After his diagnosis with leukemia, he spent his last months sustained by blood transfusions in a Swiss sanatorium. He was 26 when he died.

==Publications==
In 1951 Lodeizen was awarded the Jan Campert Prize, posthumously. A selection of his poems was added to Het innerlijk behang and published in 1952, edited by J. C. Bloem, Jan Greshoff, and Adriaan Morriën, as Gedichten. Another selection, edited by Pierre H. Dubois and P. Berger and published in 1969 as Nagelaten werk, also included prose. These posthumous publications show more clearly to which extent Lodeizen's homosexuality colored his poetry. A collected works, Verzamelde gedichten van Lodeizen, was published in 1996, edited by W.J. van den Akker et al., with introduction, notes, and index.

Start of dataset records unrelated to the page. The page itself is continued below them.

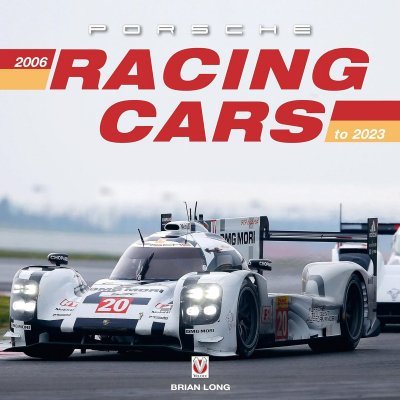 PORSCHE RACING CARS 2006 TO 2023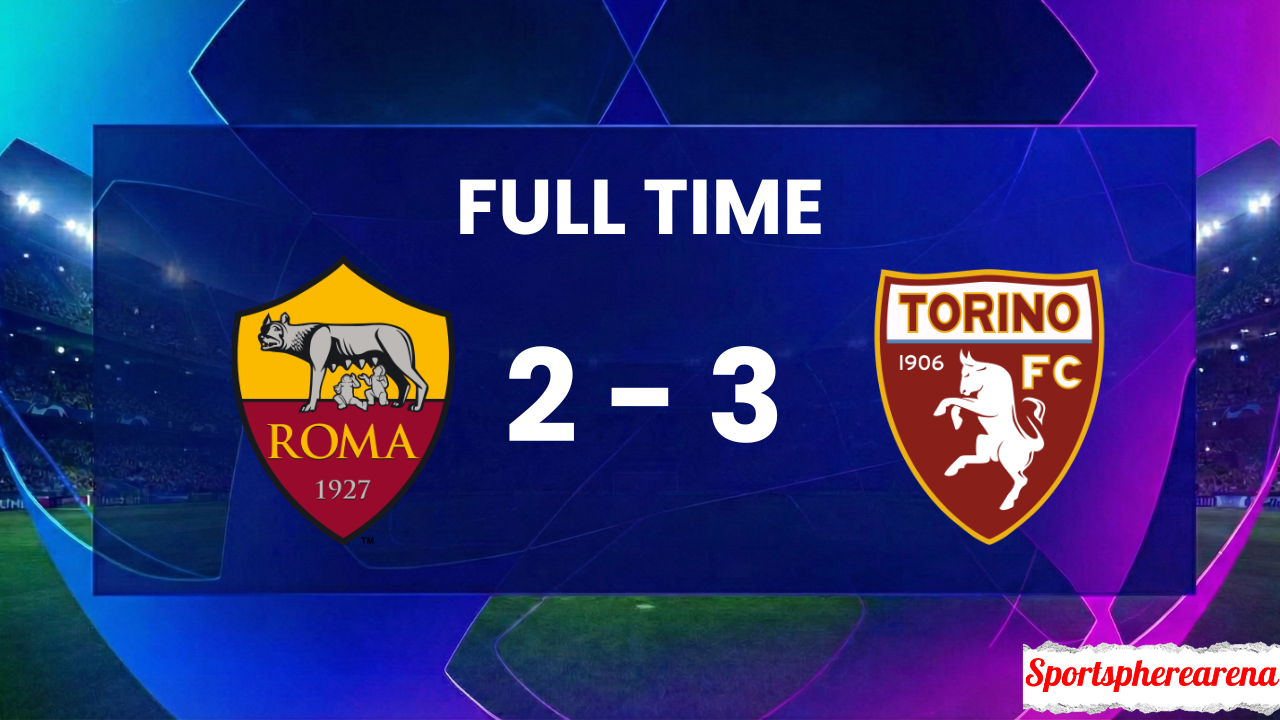 AS Roma 2–3 Torino: Coppa Italia Match Report & Highlights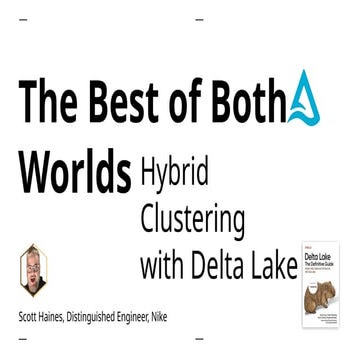 The Best of Both Worlds: Hybrid Clustering with Delta Lake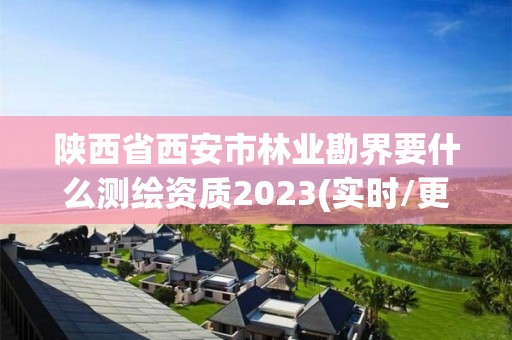 陕西省西安市林业勘界要什么测绘资质2023(实时/更新中)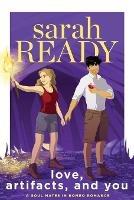 Libro in inglese Love, Artifacts, and You  - Sarah Ready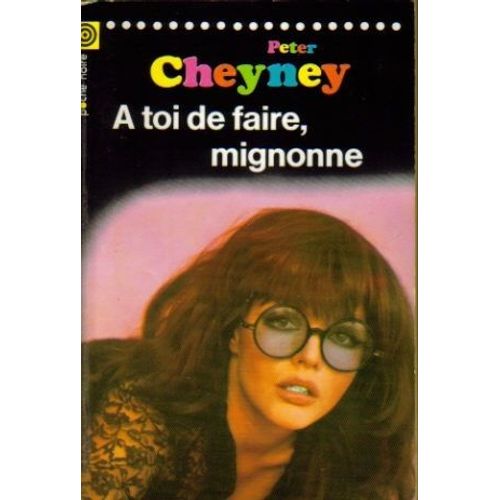 A Toi De Faire,  Mignonne   de peter cheyney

Lodeizen's poems have been translated into English by James Brockway and James Merrill, among others.

== Works ==
- Het innerlijk behang (The inner wallpaper, 1949, published in March 1950), published by G.A. van Oorschot, Amsterdam; 74 pp.
- Het innerlijk behang en andere gedichten (The inner wallpaper and other poems, L. A. Ries, editor, 1952); 185 pp., 15th edition 1989
- Verzamelde Gedichten (Collected Poems, 1952), G.A. van Oorschot, edited by J.C. Bloem, Jan Greshoff and Adriaan Morriën
- Nagelaten werk (Unfinished Work, 1969); 6th edition 1988
- Verzamelde Gedichten (Collected Poems, 1996), published by G.A. van Oorschot, Amsterdam; 682 pp., second edition 2007

== Translation ==
- A Ship of Leaves, Twelve Poems by Hans Lodeizen, selected and translated by Geert Lernout. Toronto: Aliquando Press, 1982.